盤面の熱戦、障害超えて 平塚で囲碁まつり、盲学校生徒も

 「囲碁のまち」を掲げる神奈川県平塚市で恒例の「湘南ひらつか囲碁まつり」が14日、JR平塚駅北口の紅谷パールロード商店街周辺で行われ、プロ棋士と囲碁ファンとの1000面打ちに今回初めて視覚障害者の11人が参加した。このうち7人が地元の平塚盲学校など県内外から集まった小中学生。「囲碁に健常者も障害者も関係ない」との思いを抱き、全国の盲学校などで囲碁の普及に取り組んできた2人の男性の奔走で実現した。

 まつりは同市内に囲碁道場を構え、多くのプロ棋士らを輩出した故・木谷實九段(1909~75年)にちなみ今年で23回目。視覚障害者を招待するのは初の試みで、全国の盲学校などで囲碁の普及にともに取り組んできた木谷九段の三男・正道さん(70)と、日本視覚障害者囲碁協会の代表理事・柿島光晴さん(40)=東京都町田市=の活動の一環で実現した。

 視覚障害者が使うのは「アイゴ」と呼ばれる特殊な碁盤。升目の線が盛り上がり、碁石の裏の溝にはめ込めるようになっている。黒の碁石の表面には小さな突起が付いているため、指先の触った感覚で碁盤を読むことができる。

 柿島さんが網膜色素変性症で視力を失い始めたのは20歳のころ。囲碁を始めたのは完全に失明した直後で、アニメ「ヒカルの碁」(2001~03年)で興味を持ち、地元の碁会所に足を運んだのがきっかけだった。

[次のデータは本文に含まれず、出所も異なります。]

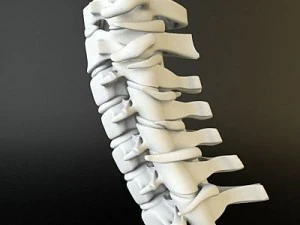 cervical spine human 3D Model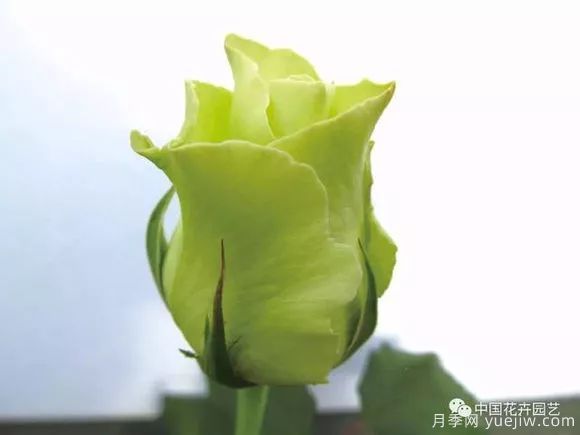 談?wù)勚袊?guó)月季的發(fā)展史，致敬中國(guó)的月季育種家前輩們！(圖43)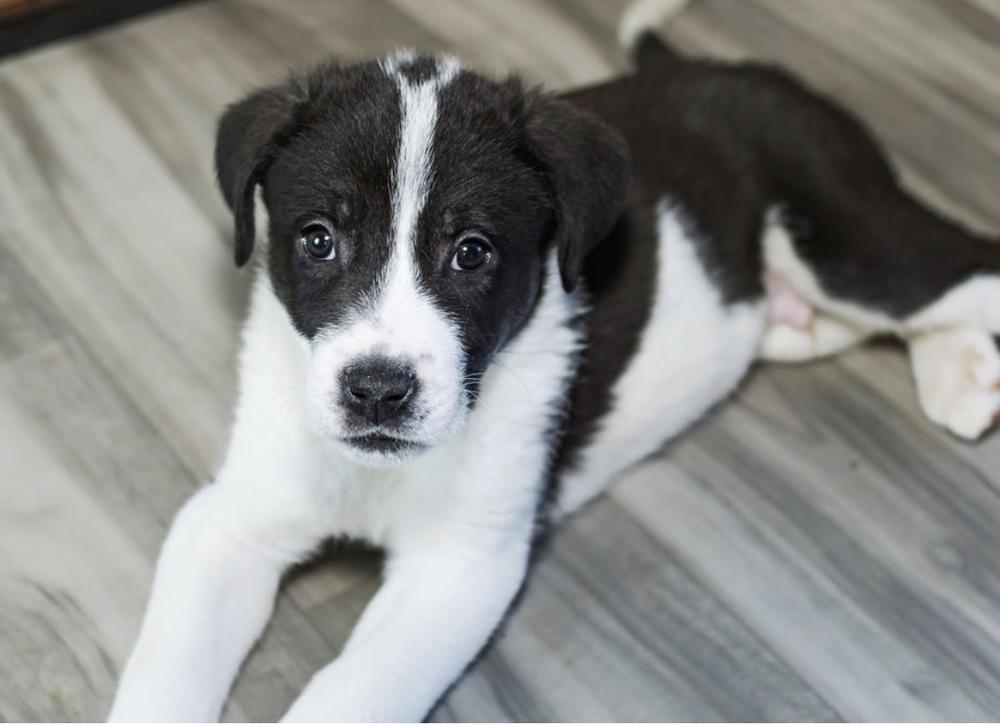 Krypt, a Adoptable mixed breed in Warr Acres, OK image 6/6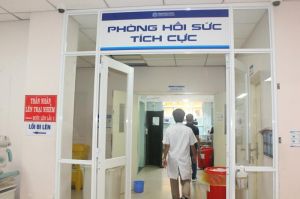 Những việc cần làm khi bị sốt xuất huyết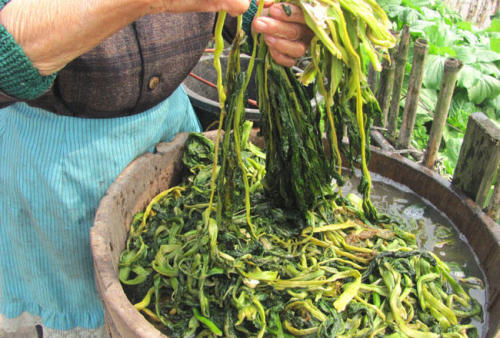 四川四大腌菜之一芽菜传统工艺制作而得芽菜,制作过程除了盐(花椒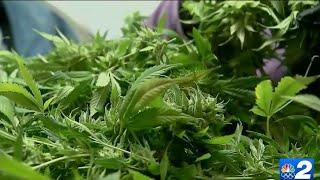 Potential relief for local businesses as Florida nears marijuana legalization vote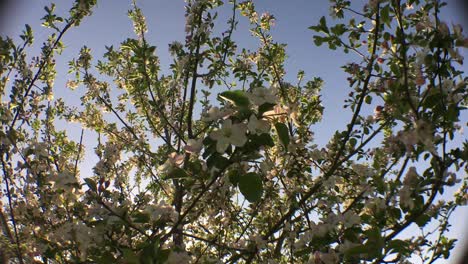 Flores-Blancas-En-El-árbol-Que-Sopla-La-Brisa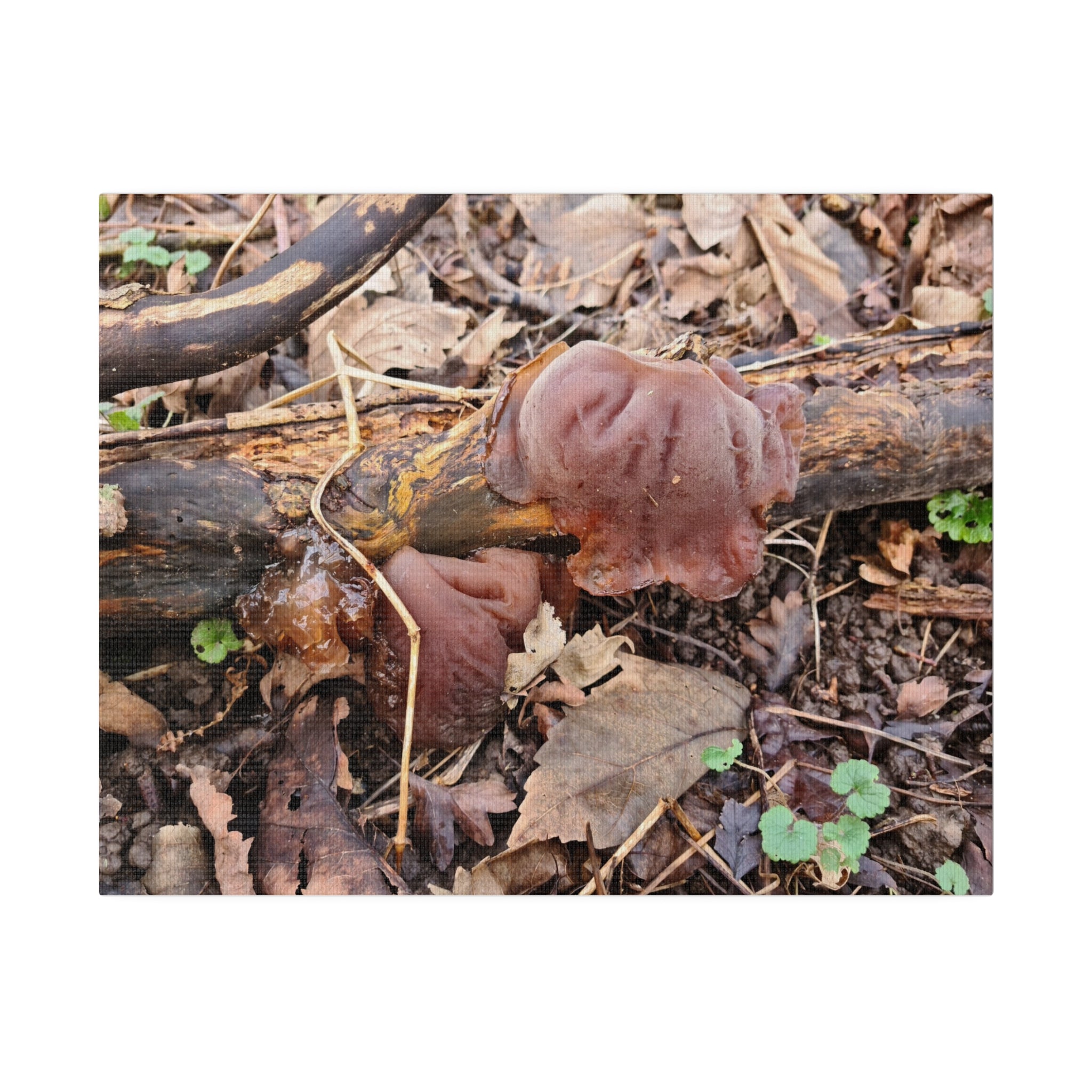 Fungus On Wood Close Up Canvas - The Trio Synergize Group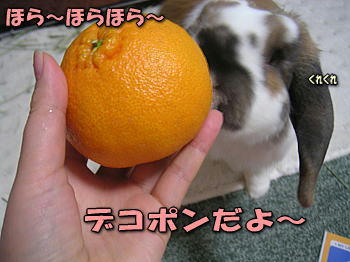 080225_1.jpg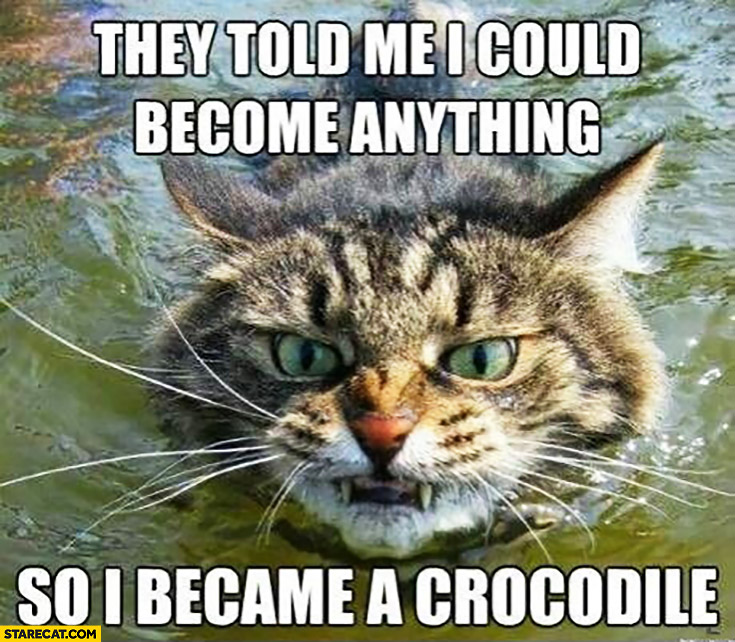 Swimming cat: they told me I could become anything so I became a crocodile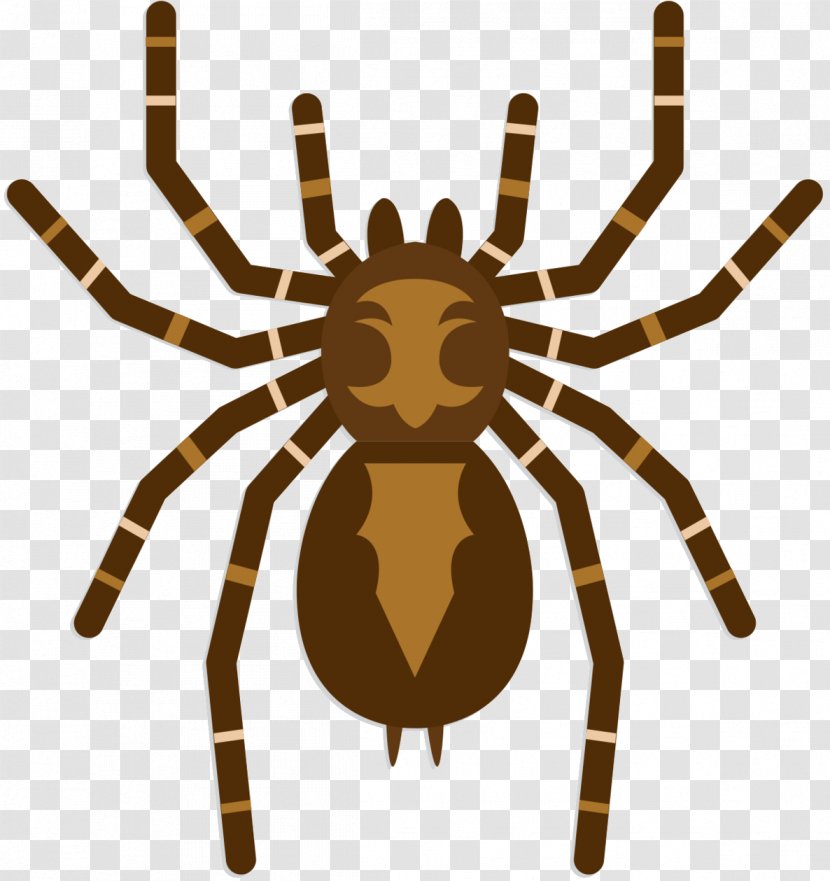 Clip Art Arachnid Insect Product Pattern - Araneus - Tarantula Transparent PNG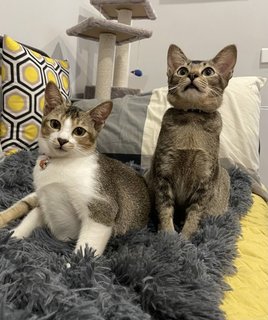 Bebe And Charlie Adopted - Domestic Short Hair Cat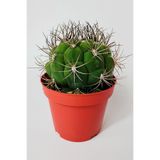 Gymnocalycium Marquezii Büyük Boy Kaktüs 12 cm Kırmızı Saksıda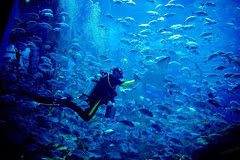 Visiter Dubai Aquarium and Underwater Zoo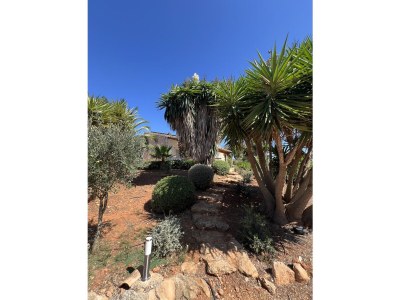 Finca My Life - Outdoor photo 6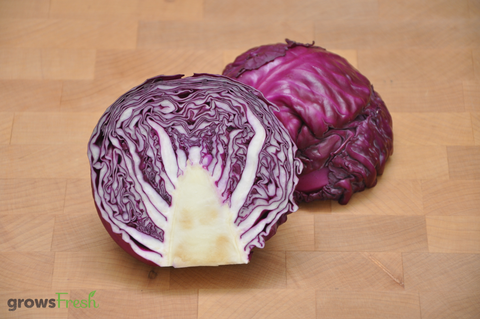 Organic Cabbage - Red - Australian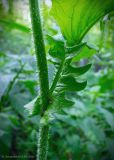 Crepis sibirica. Основание нижнего листа. Москва, Новомосковский административный округ, Валуевский лесопарк, склон оврага. 15.06.2016.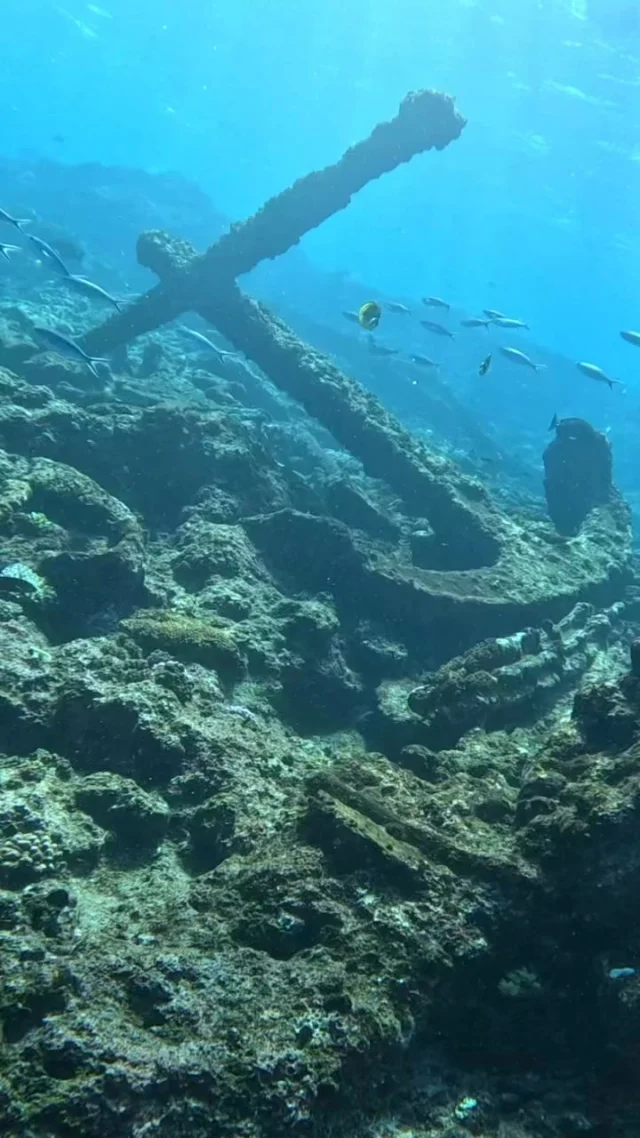 POV, youโre having your own mermaid moment free diving a shipwreck on one of our tours โ๏ธโจ We dive multiple shipwrecks within our tours that are a historic part of the ningaloo and now provide a place for ocean animals in the ecosystem ๐ซถ๐ #sailing #sailningaloo #freediving #ocean #westernaus #snorkelling #scubadiving #diving #marinelife #ouroceans #davidattenborough#australia #fyp
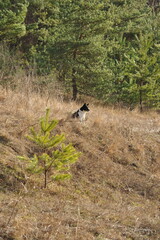 Black and white dog in the forest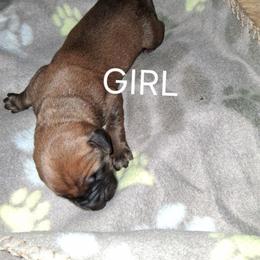 Apricot Girl 4 - Apricot female Mastiff puppy in Uhrichsville, Ohio from Angela's Mastiffs
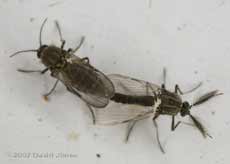 Mating midges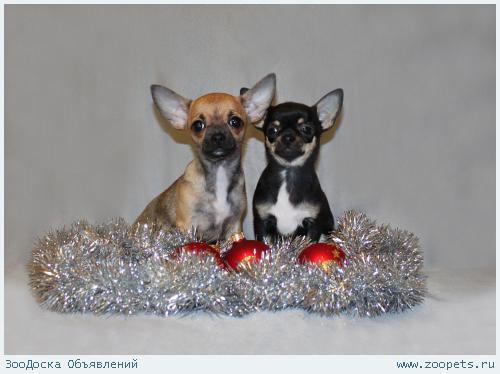 ������� ������ ��������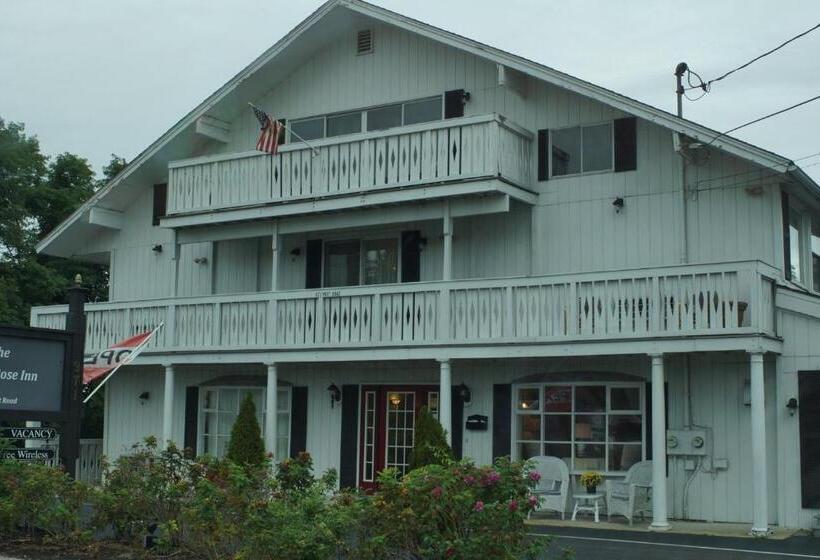 호텔 The Beach Rose Inn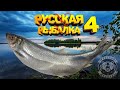 Стрим   / Турнир ✅Русская Водка и Черноморская Селедка) Русская Рыбалка 4 топ игра   Русский Медведь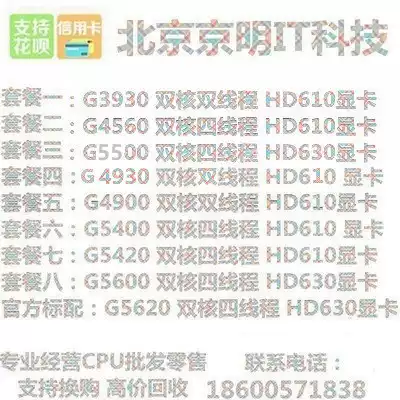 G5400 G5420 G5620 G5600 G4900 G4930 3930 4560 G5500 CPU bulk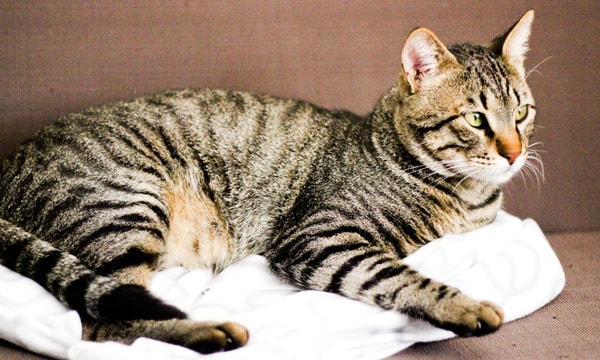 Influenza in Cats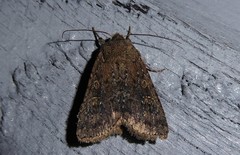 Ichneutica morosa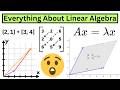 Everything About Linear Algebra In 10 Minutes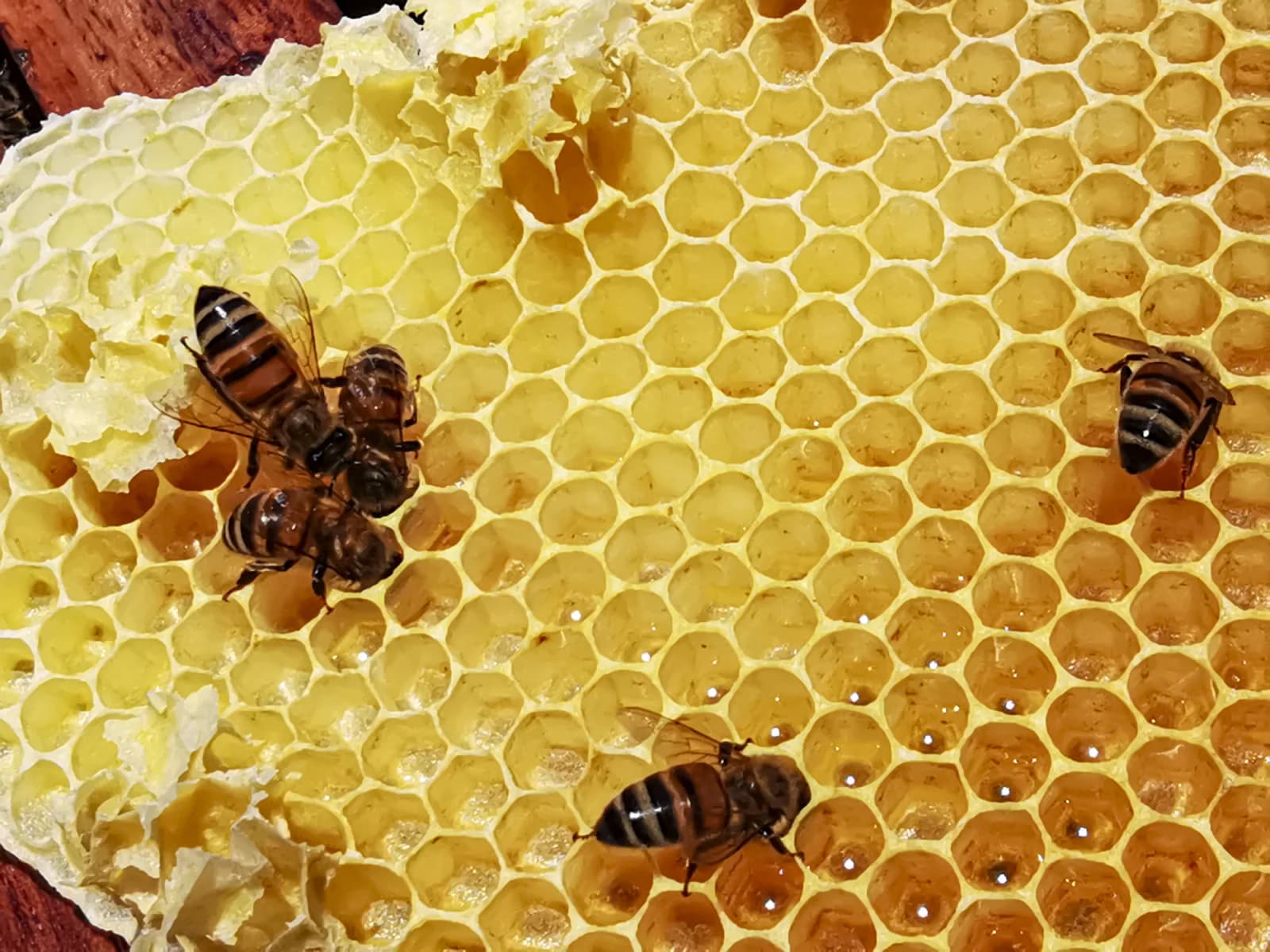 Honey & Bee Museum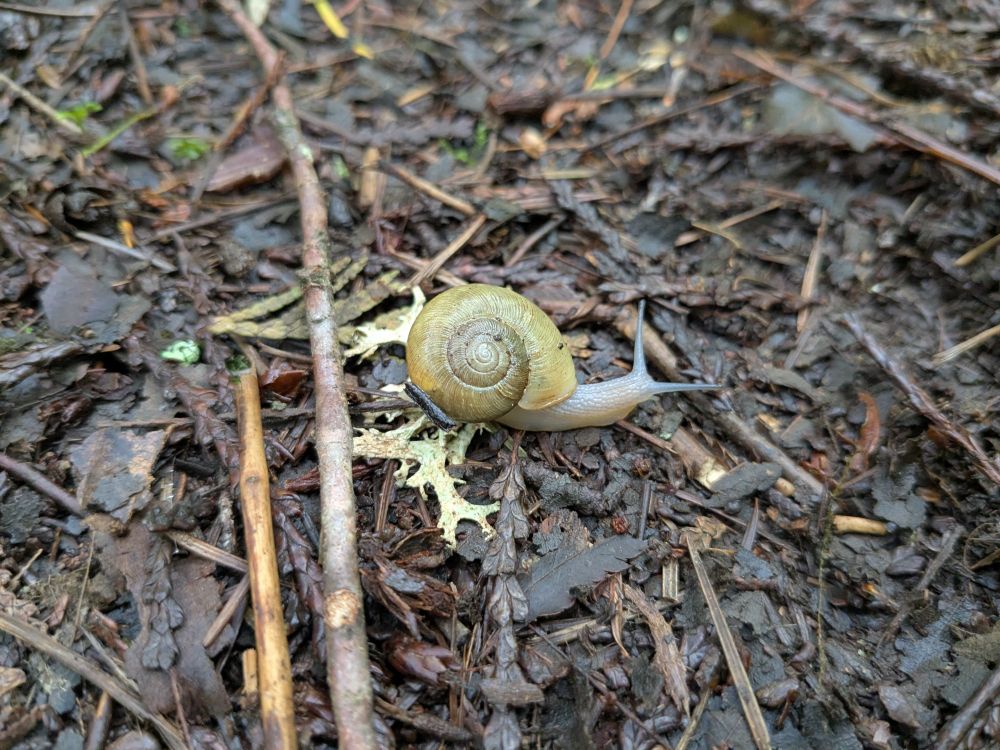A cute lil snail, kinda yellow in color, cruising along the forest floor.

 「視覚障害者ができるゲームは少ない。囲碁はルールが簡単で万国共通。多くの人と交流できる可能性を秘めている」と囲碁の魅力を語る柿島さんは、それまで生産停止状態だった「アイゴ」の復活にも奔走。通常の十九路盤の裏に初心者用の小さい九路盤を付けるなど改良も施し、全国の盲学校約40校に寄贈した。

 12年に柿島さんと出会った正道さんも活動をサポート。平塚盲学校など全国の盲学校で囲碁の指導を行い、16年からは岩手県大船渡市で国内外の盲学校生徒らによる囲碁大会も開催している。

 囲碁まつりに参加した県立平塚盲学校中学部2年生の吉光駿さん(13)も正道さんの指導をきっかけに囲碁を始めた一人。同校唯一の囲碁部員として3年間、腕を磨き続けた。この日は伊了初段と対戦し「やっぱりプロは強かった。これからも囲碁を通していろんな人とつながりを持ちたい」と笑顔を見せた。

 正道さんは「視覚障害者も囲碁が打てることを知ってほしい。みんな囲碁が好き。障害に関係なく対等に打つことで、その喜びが街全体に広がってほしい」と期待を込める。